Exercise details:
Every word of the listing should be reproduced without alteration.

Source information:
★ ★ ★ ★
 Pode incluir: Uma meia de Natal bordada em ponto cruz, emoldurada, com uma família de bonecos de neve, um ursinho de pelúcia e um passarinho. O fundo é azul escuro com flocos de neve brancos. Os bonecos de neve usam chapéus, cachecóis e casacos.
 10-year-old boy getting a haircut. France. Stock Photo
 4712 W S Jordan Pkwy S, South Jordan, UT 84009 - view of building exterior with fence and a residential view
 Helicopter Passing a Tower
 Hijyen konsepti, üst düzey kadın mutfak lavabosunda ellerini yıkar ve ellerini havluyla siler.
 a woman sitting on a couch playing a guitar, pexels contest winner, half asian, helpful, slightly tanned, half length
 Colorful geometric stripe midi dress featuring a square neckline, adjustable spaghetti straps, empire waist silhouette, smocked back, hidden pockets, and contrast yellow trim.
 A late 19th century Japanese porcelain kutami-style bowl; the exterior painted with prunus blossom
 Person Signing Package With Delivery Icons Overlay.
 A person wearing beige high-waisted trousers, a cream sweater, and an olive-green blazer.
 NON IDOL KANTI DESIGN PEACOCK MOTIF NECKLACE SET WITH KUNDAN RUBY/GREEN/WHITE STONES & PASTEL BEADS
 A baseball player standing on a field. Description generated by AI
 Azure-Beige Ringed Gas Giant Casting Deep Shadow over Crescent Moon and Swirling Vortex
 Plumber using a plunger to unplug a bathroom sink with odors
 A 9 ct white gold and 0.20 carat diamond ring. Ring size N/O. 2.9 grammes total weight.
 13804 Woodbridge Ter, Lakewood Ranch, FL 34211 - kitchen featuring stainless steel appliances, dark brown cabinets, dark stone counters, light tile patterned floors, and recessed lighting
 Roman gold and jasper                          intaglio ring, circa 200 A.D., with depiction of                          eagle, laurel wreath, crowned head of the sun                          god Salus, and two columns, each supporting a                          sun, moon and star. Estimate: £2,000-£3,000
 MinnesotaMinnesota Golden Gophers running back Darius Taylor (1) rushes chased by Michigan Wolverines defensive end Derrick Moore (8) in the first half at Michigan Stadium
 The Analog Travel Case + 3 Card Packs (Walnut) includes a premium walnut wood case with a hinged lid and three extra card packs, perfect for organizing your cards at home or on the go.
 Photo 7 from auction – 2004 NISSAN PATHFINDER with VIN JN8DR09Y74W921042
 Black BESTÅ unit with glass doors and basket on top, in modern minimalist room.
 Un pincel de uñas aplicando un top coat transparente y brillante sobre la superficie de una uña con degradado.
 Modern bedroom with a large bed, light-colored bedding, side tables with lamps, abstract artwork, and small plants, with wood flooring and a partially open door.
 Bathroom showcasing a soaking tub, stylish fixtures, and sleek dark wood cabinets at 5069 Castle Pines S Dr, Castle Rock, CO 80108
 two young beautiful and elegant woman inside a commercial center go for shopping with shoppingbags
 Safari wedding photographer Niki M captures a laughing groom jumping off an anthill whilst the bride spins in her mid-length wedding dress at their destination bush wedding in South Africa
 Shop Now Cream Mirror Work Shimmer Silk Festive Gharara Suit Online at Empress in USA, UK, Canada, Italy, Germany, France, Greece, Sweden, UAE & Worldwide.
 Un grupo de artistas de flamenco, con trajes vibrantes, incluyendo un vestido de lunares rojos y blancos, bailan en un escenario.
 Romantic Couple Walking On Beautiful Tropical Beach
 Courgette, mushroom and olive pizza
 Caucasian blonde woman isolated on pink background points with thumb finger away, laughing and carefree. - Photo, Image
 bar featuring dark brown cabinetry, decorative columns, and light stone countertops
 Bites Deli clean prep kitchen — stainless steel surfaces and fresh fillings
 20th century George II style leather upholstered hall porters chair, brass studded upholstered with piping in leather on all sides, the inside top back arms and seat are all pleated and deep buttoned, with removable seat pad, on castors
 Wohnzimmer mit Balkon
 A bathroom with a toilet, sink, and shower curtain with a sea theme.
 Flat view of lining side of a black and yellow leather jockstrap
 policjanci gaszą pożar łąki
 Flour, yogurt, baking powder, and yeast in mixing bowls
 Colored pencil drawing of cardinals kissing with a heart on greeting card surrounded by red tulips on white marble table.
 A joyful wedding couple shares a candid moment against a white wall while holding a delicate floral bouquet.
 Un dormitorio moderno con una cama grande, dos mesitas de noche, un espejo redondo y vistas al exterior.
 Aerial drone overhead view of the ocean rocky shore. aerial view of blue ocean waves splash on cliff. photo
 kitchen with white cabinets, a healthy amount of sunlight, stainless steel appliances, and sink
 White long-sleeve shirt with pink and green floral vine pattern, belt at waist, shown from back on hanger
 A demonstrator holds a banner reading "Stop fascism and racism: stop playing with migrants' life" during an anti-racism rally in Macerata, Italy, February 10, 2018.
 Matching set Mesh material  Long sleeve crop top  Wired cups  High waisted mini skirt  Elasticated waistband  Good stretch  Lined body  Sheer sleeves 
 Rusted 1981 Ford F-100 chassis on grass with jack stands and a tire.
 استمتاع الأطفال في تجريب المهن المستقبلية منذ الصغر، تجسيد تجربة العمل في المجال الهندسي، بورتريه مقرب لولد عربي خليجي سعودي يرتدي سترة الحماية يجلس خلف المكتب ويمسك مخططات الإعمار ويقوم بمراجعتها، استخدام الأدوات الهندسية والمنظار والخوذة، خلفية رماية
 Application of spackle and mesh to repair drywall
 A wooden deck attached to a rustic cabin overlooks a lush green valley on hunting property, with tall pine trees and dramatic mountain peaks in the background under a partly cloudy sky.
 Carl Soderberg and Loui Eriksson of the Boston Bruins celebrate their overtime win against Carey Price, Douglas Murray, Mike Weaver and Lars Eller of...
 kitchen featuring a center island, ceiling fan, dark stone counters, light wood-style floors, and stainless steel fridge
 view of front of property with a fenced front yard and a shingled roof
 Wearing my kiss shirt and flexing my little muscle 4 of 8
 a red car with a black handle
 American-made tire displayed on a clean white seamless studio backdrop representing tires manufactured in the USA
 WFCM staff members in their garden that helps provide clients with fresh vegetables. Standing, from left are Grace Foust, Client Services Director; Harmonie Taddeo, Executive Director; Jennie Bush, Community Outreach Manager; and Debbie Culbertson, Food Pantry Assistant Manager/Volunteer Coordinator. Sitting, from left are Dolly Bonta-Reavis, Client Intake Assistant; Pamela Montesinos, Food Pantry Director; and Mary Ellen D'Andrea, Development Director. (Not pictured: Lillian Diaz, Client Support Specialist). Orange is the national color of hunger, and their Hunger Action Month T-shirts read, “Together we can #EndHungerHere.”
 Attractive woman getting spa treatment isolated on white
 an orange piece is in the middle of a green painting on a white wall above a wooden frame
★ ★ ★ ★
Solution:
 Pode incluir: Uma meia de Natal bordada em ponto cruz, emoldurada, com uma família de bonecos de neve, um ursinho de pelúcia e um passarinho. O fundo é azul escuro com flocos de neve brancos. Os bonecos de neve usam chapéus, cachecóis e casacos.
 10-year-old boy getting a haircut. France. Stock Photo
 4712 W S Jordan Pkwy S, South Jordan, UT 84009 - view of building exterior with fence and a residential view
 Helicopter Passing a Tower
 Hijyen konsepti, üst düzey kadın mutfak lavabosunda ellerini yıkar ve ellerini havluyla siler.
 a woman sitting on a couch playing a guitar, pexels contest winner, half asian, helpful, slightly tanned, half length
 Colorful geometric stripe midi dress featuring a square neckline, adjustable spaghetti straps, empire waist silhouette, smocked back, hidden pockets, and contrast yellow trim.
 A late 19th century Japanese porcelain kutami-style bowl; the exterior painted with prunus blossom
 Person Signing Package With Delivery Icons Overlay.
 A person wearing beige high-waisted trousers, a cream sweater, and an olive-green blazer.
 NON IDOL KANTI DESIGN PEACOCK MOTIF NECKLACE SET WITH KUNDAN RUBY/GREEN/WHITE STONES & PASTEL BEADS
 A baseball player standing on a field. Description generated by AI
 Azure-Beige Ringed Gas Giant Casting Deep Shadow over Crescent Moon and Swirling Vortex
 Plumber using a plunger to unplug a bathroom sink with odors
 A 9 ct white gold and 0.20 carat diamond ring. Ring size N/O. 2.9 grammes total weight.
 13804 Woodbridge Ter, Lakewood Ranch, FL 34211 - kitchen featuring stainless steel appliances, dark brown cabinets, dark stone counters, light tile patterned floors, and recessed lighting
 Roman gold and jasper                          intaglio ring, circa 200 A.D., with depiction of                          eagle, laurel wreath, crowned head of the sun                          god Salus, and two columns, each supporting a                          sun, moon and star. Estimate: £2,000-£3,000
 MinnesotaMinnesota Golden Gophers running back Darius Taylor (1) rushes chased by Michigan Wolverines defensive end Derrick Moore (8) in the first half at Michigan Stadium
 The Analog Travel Case + 3 Card Packs (Walnut) includes a premium walnut wood case with a hinged lid and three extra card packs, perfect for organizing your cards at home or on the go.
 Photo 7 from auction – 2004 NISSAN PATHFINDER with VIN JN8DR09Y74W921042
 Black BESTÅ unit with glass doors and basket on top, in modern minimalist room.
 Un pincel de uñas aplicando un top coat transparente y brillante sobre la superficie de una uña con degradado.
 Modern bedroom with a large bed, light-colored bedding, side tables with lamps, abstract artwork, and small plants, with wood flooring and a partially open door.
 Bathroom showcasing a soaking tub, stylish fixtures, and sleek dark wood cabinets at 5069 Castle Pines S Dr, Castle Rock, CO 80108
 two young beautiful and elegant woman inside a commercial center go for shopping with shoppingbags
 Safari wedding photographer Niki M captures a laughing groom jumping off an anthill whilst the bride spins in her mid-length wedding dress at their destination bush wedding in South Africa
 Shop Now Cream Mirror Work Shimmer Silk Festive Gharara Suit Online at Empress in USA, UK, Canada, Italy, Germany, France, Greece, Sweden, UAE & Worldwide.
 Un grupo de artistas de flamenco, con trajes vibrantes, incluyendo un vestido de lunares rojos y blancos, bailan en un escenario.
 Romantic Couple Walking On Beautiful Tropical Beach
 Courgette, mushroom and olive pizza
 Caucasian blonde woman isolated on pink background points with thumb finger away, laughing and carefree. - Photo, Image
 bar featuring dark brown cabinetry, decorative columns, and light stone countertops
 Bites Deli clean prep kitchen — stainless steel surfaces and fresh fillings
 20th century George II style leather upholstered hall porters chair, brass studded upholstered with piping in leather on all sides, the inside top back arms and seat are all pleated and deep buttoned, with removable seat pad, on castors
 Wohnzimmer mit Balkon
 A bathroom with a toilet, sink, and shower curtain with a sea theme.
 Flat view of lining side of a black and yellow leather jockstrap
 policjanci gaszą pożar łąki
 Flour, yogurt, baking powder, and yeast in mixing bowls
 Colored pencil drawing of cardinals kissing with a heart on greeting card surrounded by red tulips on white marble table.
 A joyful wedding couple shares a candid moment against a white wall while holding a delicate floral bouquet.
 Un dormitorio moderno con una cama grande, dos mesitas de noche, un espejo redondo y vistas al exterior.
 Aerial drone overhead view of the ocean rocky shore. aerial view of blue ocean waves splash on cliff. photo
 kitchen with white cabinets, a healthy amount of sunlight, stainless steel appliances, and sink
 White long-sleeve shirt with pink and green floral vine pattern, belt at waist, shown from back on hanger
 A demonstrator holds a banner reading "Stop fascism and racism: stop playing with migrants' life" during an anti-racism rally in Macerata, Italy, February 10, 2018.
 Matching set Mesh material  Long sleeve crop top  Wired cups  High waisted mini skirt  Elasticated waistband  Good stretch  Lined body  Sheer sleeves 
 Rusted 1981 Ford F-100 chassis on grass with jack stands and a tire.
 استمتاع الأطفال في تجريب المهن المستقبلية منذ الصغر، تجسيد تجربة العمل في المجال الهندسي، بورتريه مقرب لولد عربي خليجي سعودي يرتدي سترة الحماية يجلس خلف المكتب ويمسك مخططات الإعمار ويقوم بمراجعتها، استخدام الأدوات الهندسية والمنظار والخوذة، خلفية رماية
 Application of spackle and mesh to repair drywall
 A wooden deck attached to a rustic cabin overlooks a lush green valley on hunting property, with tall pine trees and dramatic mountain peaks in the background under a partly cloudy sky.
 Carl Soderberg and Loui Eriksson of the Boston Bruins celebrate their overtime win against Carey Price, Douglas Murray, Mike Weaver and Lars Eller of...
 kitchen featuring a center island, ceiling fan, dark stone counters, light wood-style floors, and stainless steel fridge
 view of front of property with a fenced front yard and a shingled roof
 Wearing my kiss shirt and flexing my little muscle 4 of 8
 a red car with a black handle
 American-made tire displayed on a clean white seamless studio backdrop representing tires manufactured in the USA
 WFCM staff members in their garden that helps provide clients with fresh vegetables. Standing, from left are Grace Foust, Client Services Director; Harmonie Taddeo, Executive Director; Jennie Bush, Community Outreach Manager; and Debbie Culbertson, Food Pantry Assistant Manager/Volunteer Coordinator. Sitting, from left are Dolly Bonta-Reavis, Client Intake Assistant; Pamela Montesinos, Food Pantry Director; and Mary Ellen D'Andrea, Development Director. (Not pictured: Lillian Diaz, Client Support Specialist). Orange is the national color of hunger, and their Hunger Action Month T-shirts read, “Together we can #EndHungerHere.”
 Attractive woman getting spa treatment isolated on white
 an orange piece is in the middle of a green painting on a white wall above a wooden frame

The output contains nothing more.